Supplied information:
____________
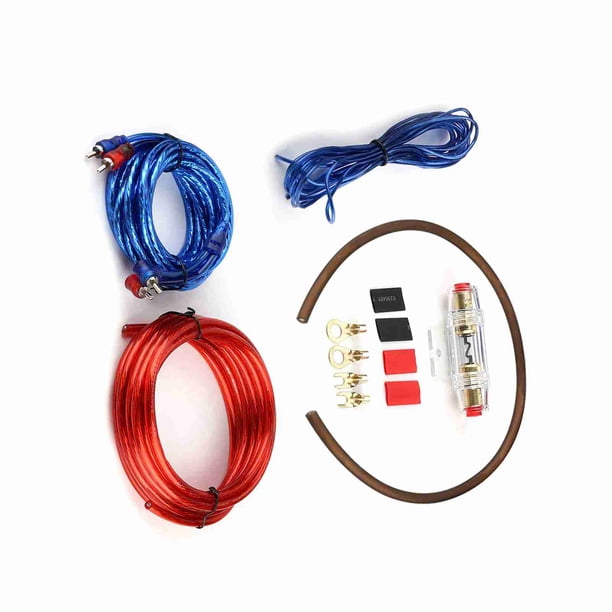 Kit De Cables De Instalación De Altavoces Para Amplificador De Subwoofer De Audio Para Automóvil Con Fusible Aluminio Revestido De Cobre De Para Configuración Del Rojo Azul 4,8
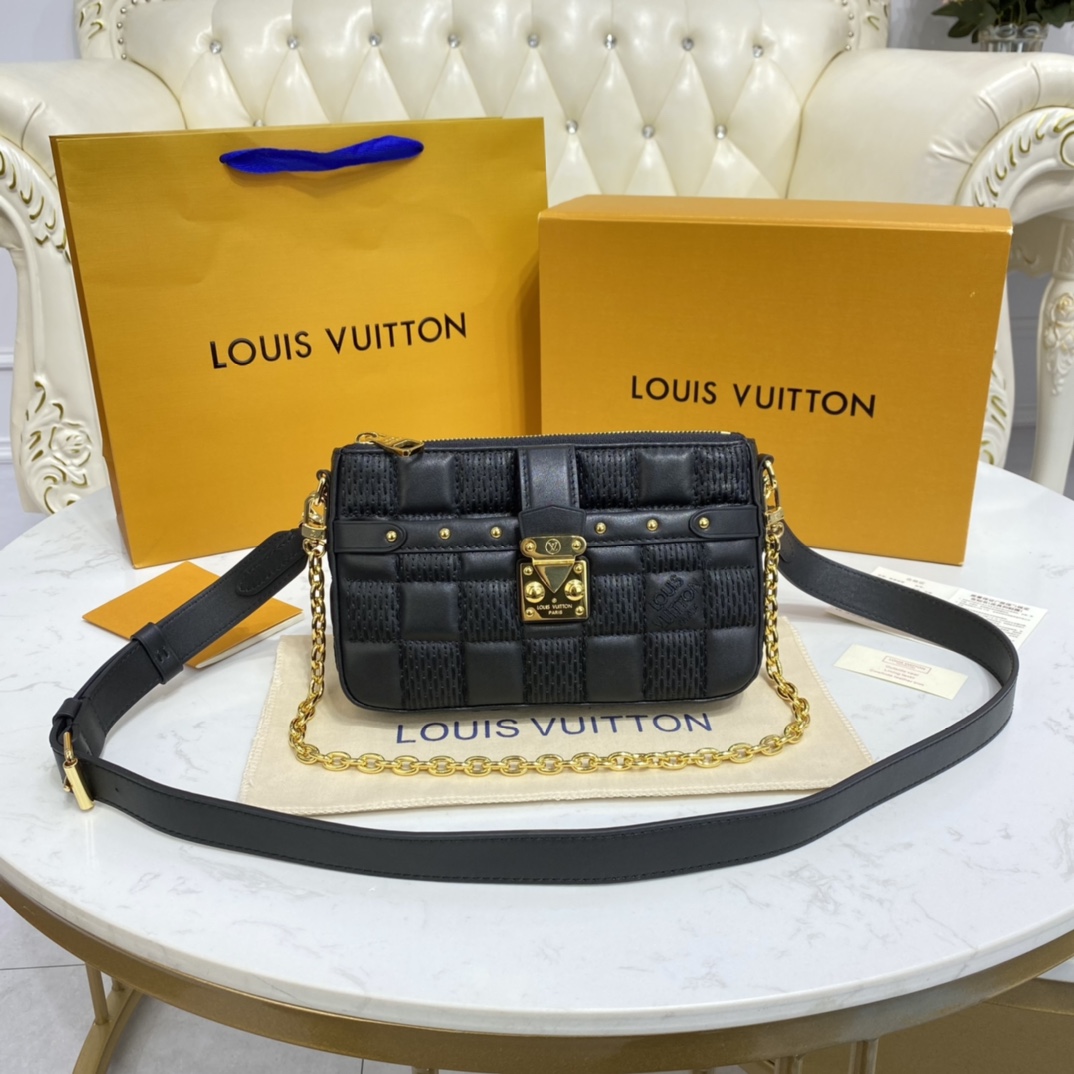 Louis Vuitton POCHETTE TROCA Shoulder Bag M59045 Black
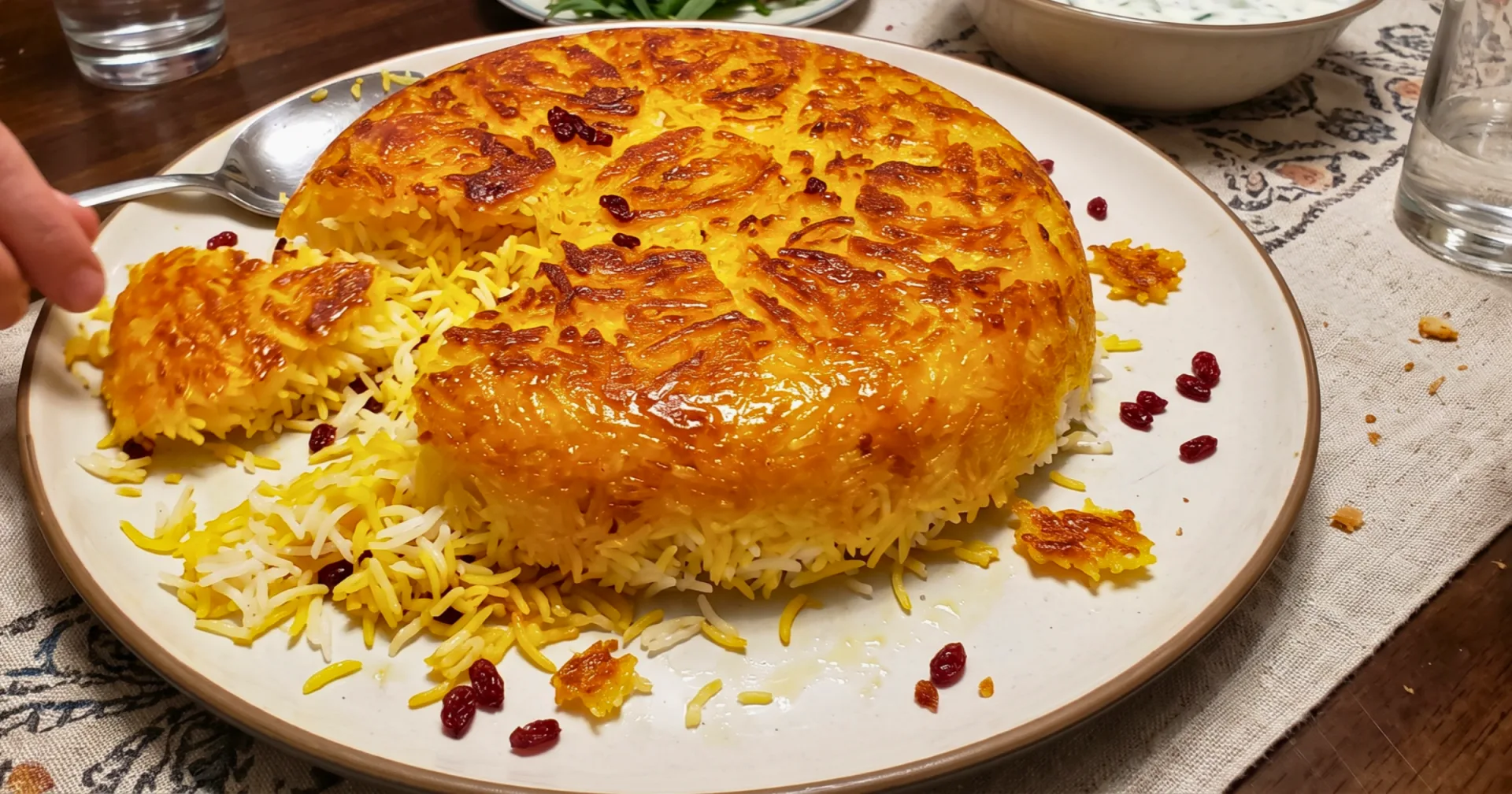 Persian-Style Saffron Rice (Tahdig) Recipe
____________
Problem statement: Write out an exact copy of the lines beginning at the line that contains "Louis Vuitton POCHETTE" and ending at the last line of the listing. Exclude pictures.

Response:
 Louis Vuitton POCHETTE TROCA Shoulder Bag M59045 Black
 Persian-Style Saffron Rice (Tahdig) Recipe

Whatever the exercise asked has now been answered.